Dès lors, à l’antenne, Ahmed Aïdara multiplie les diatribes contre le pouvoir et cible particulièrement le frère du président. Ses piques prennent de l’ampleur en 2019, au moment de l’affaire Petro-Tim, dans laquelle apparaît le nom d’Aliou Sall, directeur de la Caisse de dépôts et de consignations au moment des faits.
Aujourd’hui, ayant largement remporté le département de Guédiawaye sous la bannière de Yewwi Askan Wi, Ahmed Aidera aura l’opportunité de défendre d’une manière officielle les causes qui l’ont toujours tenu à cœur. Ses positions sans équivoque feront de lui, un député dont les débats seront certainement très attendus.
Un autre profil de l’opposition qui sera certainement remarqué dans cette législature est Thierno Alassane Sall tête de liste nationale de la Coalition AAR Sénégal. Membre fondateur de l’Apr, M. est un des principaux opposants du régime depuis 2017. Sa coalition qui se voulait la troisième voix, une alternative à la coalition au pouvoir Benno bokk Yaakaar et la principale force d’opposition, la grande coalition Yewwi-Wallu est sortie de ces joutes avec une mauvaise surprise, au vu des premiers résultats.

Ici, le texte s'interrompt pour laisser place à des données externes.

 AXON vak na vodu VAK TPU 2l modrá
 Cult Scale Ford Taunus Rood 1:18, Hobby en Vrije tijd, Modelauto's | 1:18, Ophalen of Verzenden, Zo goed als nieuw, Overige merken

Toutefois, l’ancien ministre des Infrastructures, des Transports terrestres et du Désenclavement et ancien ministre de l’Énergie ne rendra certainement pas la tache facile à l’Etat au niveau de l’hémicycle.
Thierno Alassane Sall se définit comme « un universaliste qui cherche le progrès et la justice ». Il fait ses débuts politiques dans le parti de la gauche révolutionnaire, And-jëf, qui avait pour orientation « la laïcité, le socialisme, la démocratie, la justice sociale, l’équité, le respect des droits de l’homme et la coopération sur la base du respect mutuel et des avantages réciproques ». Il justifie la création du parti par le besoin d’apporter un nouveau souffle à la vie politique sénégalaise, avec une offre politique qui allie compétence, expérience et éthique. L’idéologie du parti s’inspire de la cosmogonie africaine tout en étant irriguée par des valeurs progressistes.
La République des Valeurs veut incarner le renouveau éthique et moral de la politique au Sénégal. Elle défend plusieurs idées. La République des Valeurs veut aussi agir pour la bonne gouvernance, qui permet d’exorciser le spectre d’une forme rédhibitoire de politique de la prédation qui vampirise l’État et entretient la corruption et les pratiques clientélistes. La République des Valeurs milite aussi pour la construction d’institutions fortes. Elle veut réinventer des utopies propres et des institutions politiques, sociales et économiques pour porter et réaliser la démocratie, la République, l’entreprise, l’éthique, la citoyenneté, la responsabilité, la gouvernance.
Pour faire advenir ce projet politique, la République des Valeurs s’adosse à un principe : « Réewum Ngor ».
Des profils qui entre autres, constituent une nouvelle force de l’opposition parlementaire.